▶ Exercise goal
Leaving out every picture, please repeat exactly the line that contains "Aubryn Dining Chair By Kendra Dandy - Cloth & Company 14" and each line after it through the final line below.

▶ Input
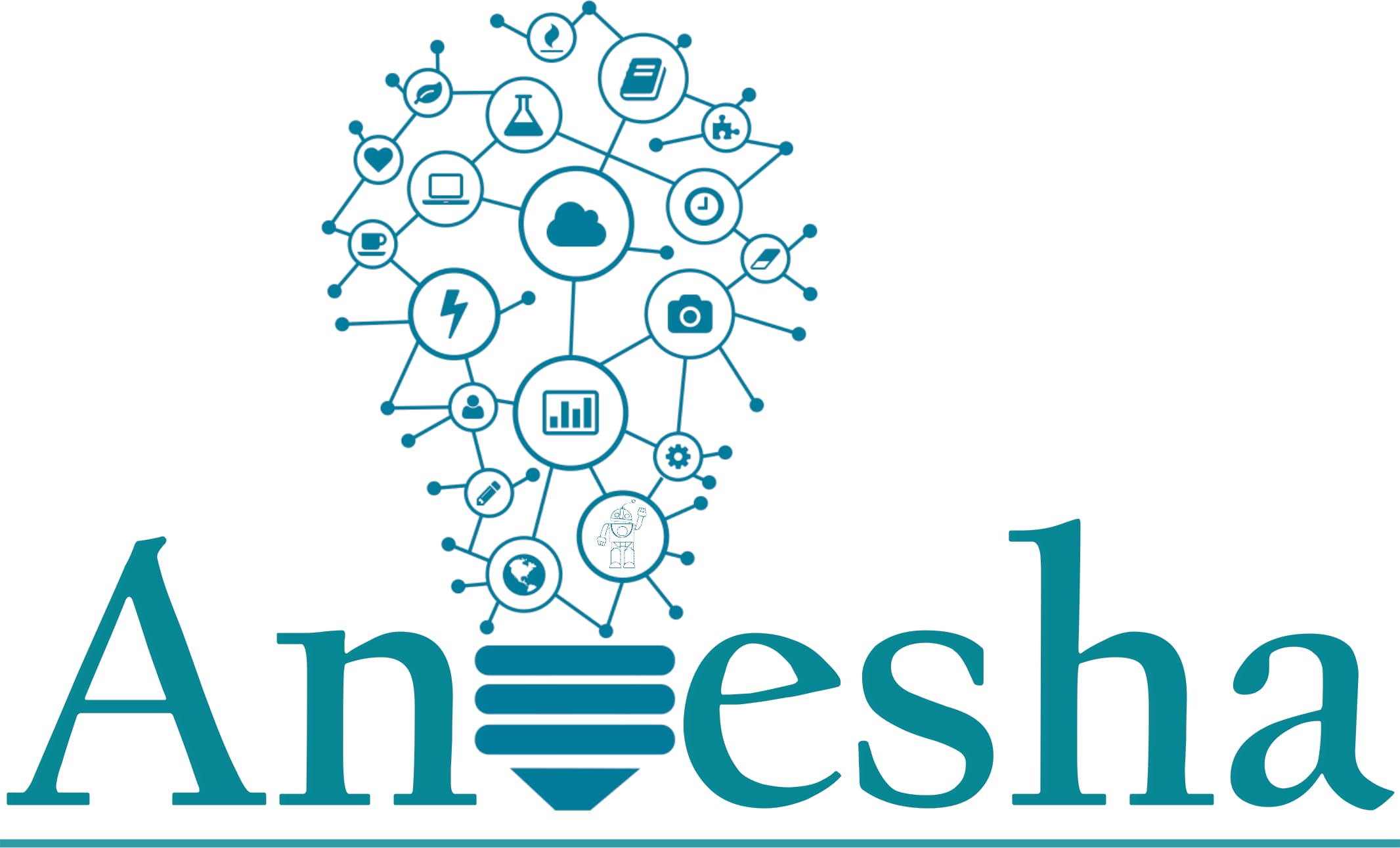 Anvesha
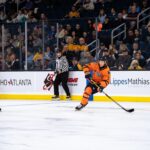 Greenville Swamp Rabbits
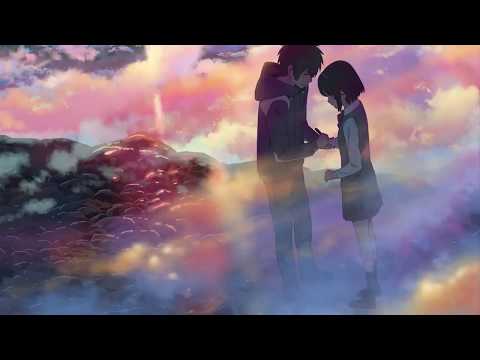 Nightcore - Cherry Gum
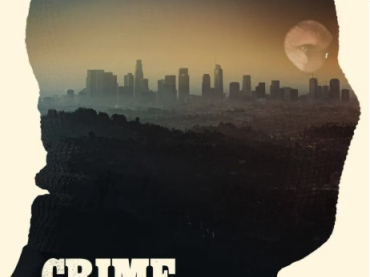 Crime 101
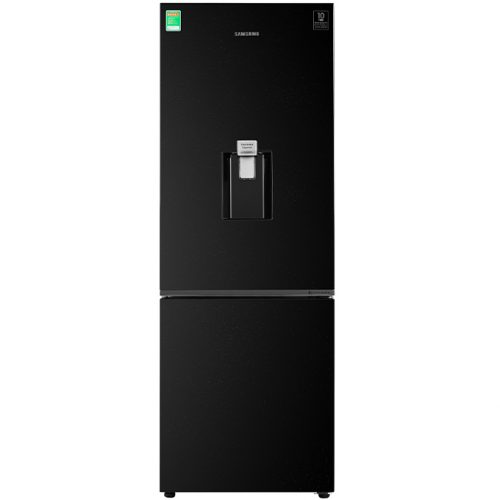 Samsung Rb30n4170bu Sv 1 Org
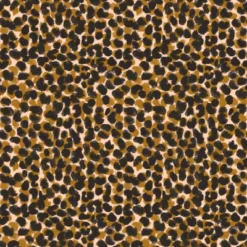 Aubryn Dining Chair By Kendra Dandy - Cloth & Company 14 Aubryn Dining Chair By Kendra Dandy - Cloth & Company -Furniture Specialty Store GUEST e2988695 a4c2 4756 bf56 fbeb3c3d5e07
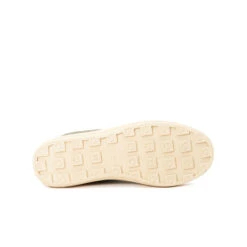 Pataugas ETCHE M/SCO F4I EMERAUDE 19 Pataugas ETCHE M/SCO F4I EMERAUDE -Boutique Pop Pataugas BASKET FEMME ETCHE M SCO F4I EMERAUDE 628487 561 8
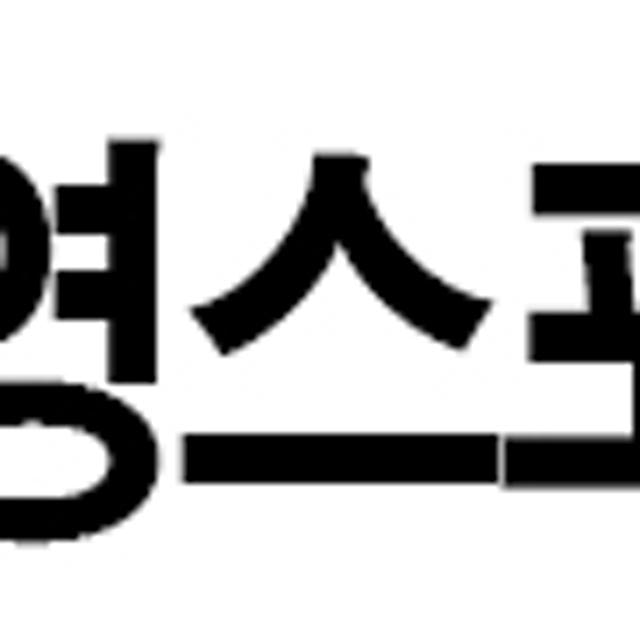 맥스 볼링화 N3 볼링신발 오른손 볼러 국내제작 n-3 남녀공용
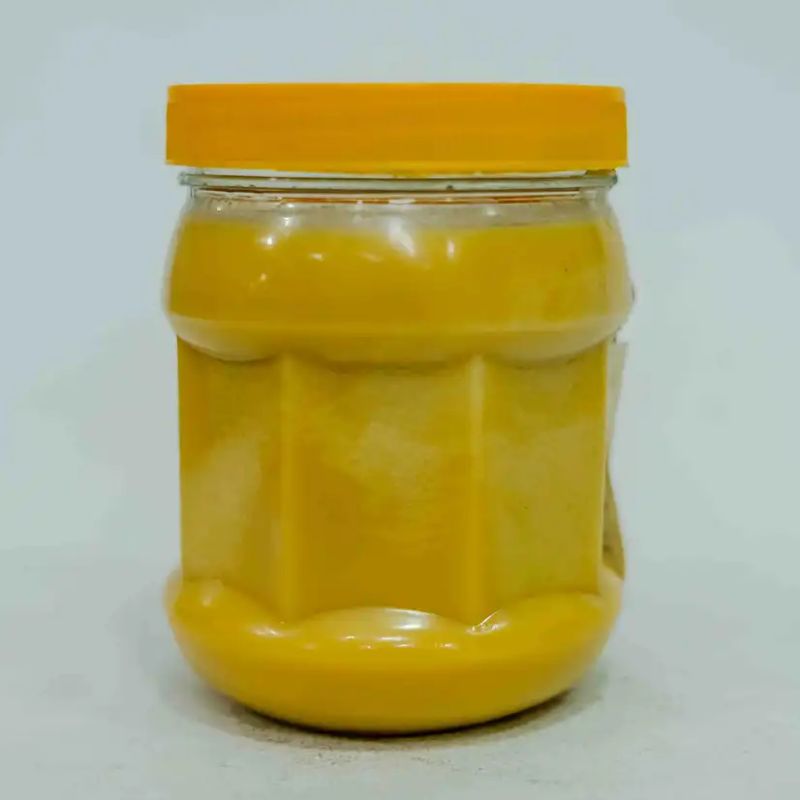 Premium Gai Ko Ghee(500gm)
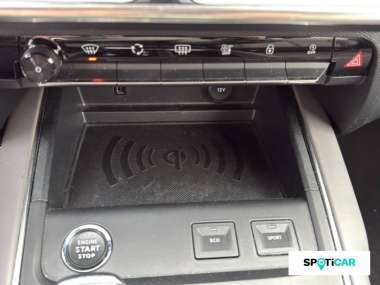 Citroën C5 Aircross Diesel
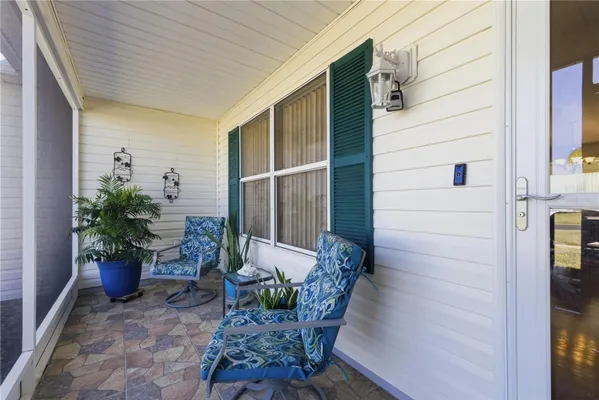 Property Slideshow image 3 of 41 | 2016 claudio ln, Lady Lake, FL, 32159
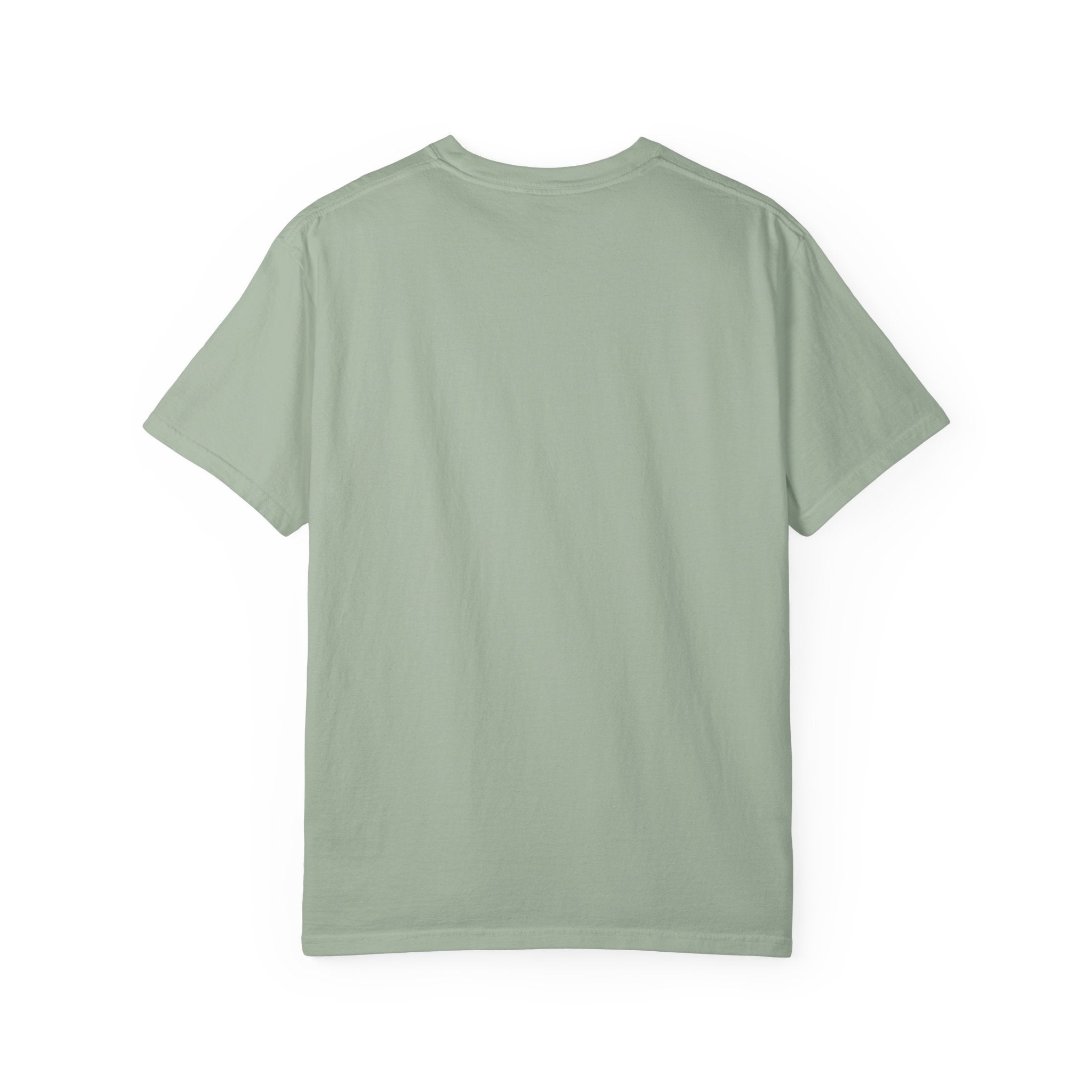 Street Art T-Shirt — 'Street Art' Graffiti Skate Graphic Tee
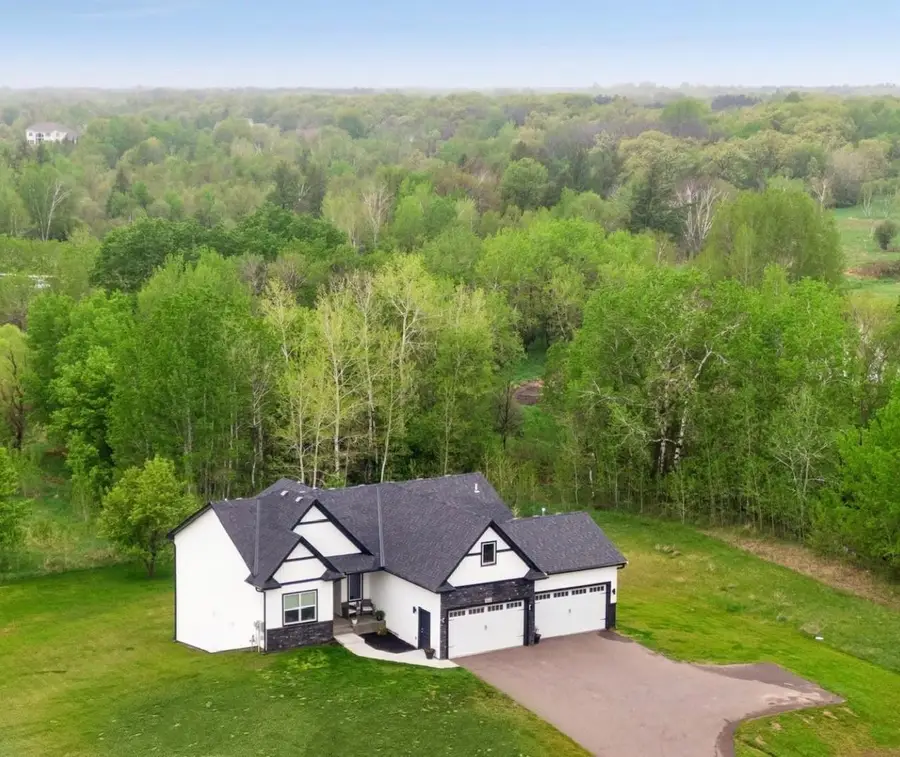 20712 Cedar Drive Nw, Cedar, MN 55011 - #2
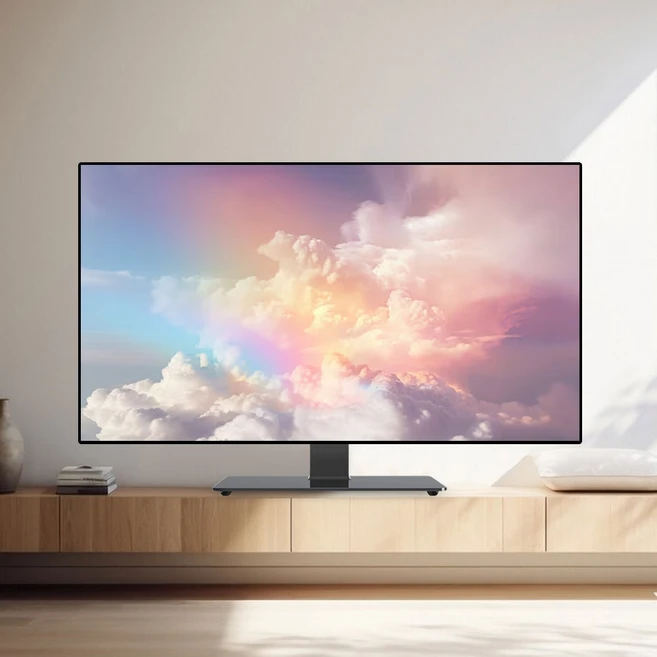 추천5 lg 86ut8300ena tv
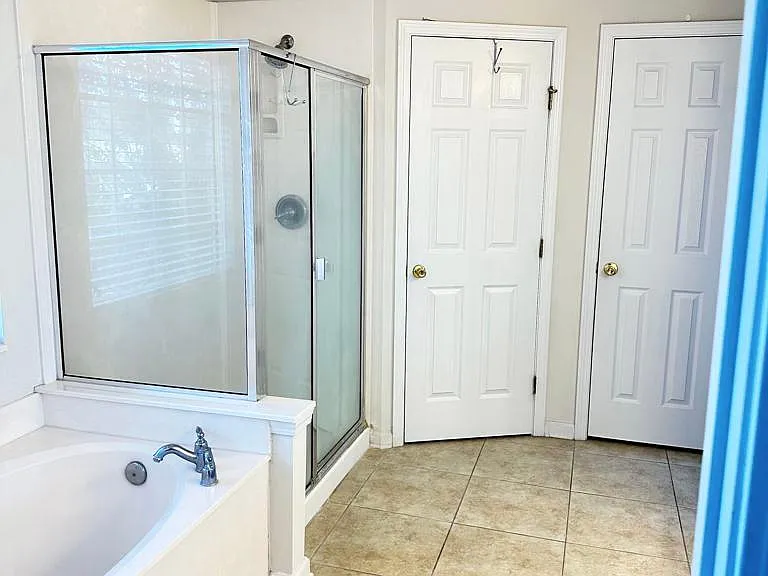 7499 Devondale Way — Photo 14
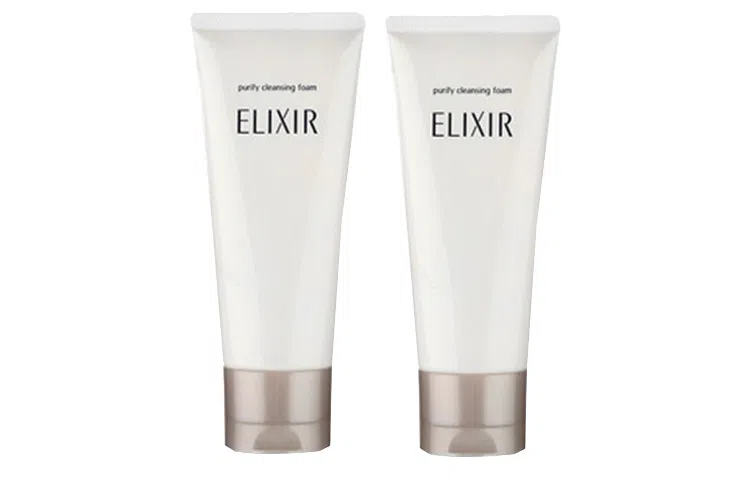 Elixir 145g145g*2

▶ Solved problem
 Aubryn Dining Chair By Kendra Dandy - Cloth & Company 14 Aubryn Dining Chair By Kendra Dandy - Cloth & Company -Furniture Specialty Store GUEST e2988695 a4c2 4756 bf56 fbeb3c3d5e07
 Pataugas ETCHE M/SCO F4I EMERAUDE 19 Pataugas ETCHE M/SCO F4I EMERAUDE -Boutique Pop Pataugas BASKET FEMME ETCHE M SCO F4I EMERAUDE 628487 561 8
 맥스 볼링화 N3 볼링신발 오른손 볼러 국내제작 n-3 남녀공용
 Premium Gai Ko Ghee(500gm)
 Citroën C5 Aircross Diesel
 Property Slideshow image 3 of 41 | 2016 claudio ln, Lady Lake, FL, 32159
 Street Art T-Shirt — 'Street Art' Graffiti Skate Graphic Tee
 20712 Cedar Drive Nw, Cedar, MN 55011 - #2
 추천5 lg 86ut8300ena tv
 7499 Devondale Way — Photo 14
 Elixir 145g145g*2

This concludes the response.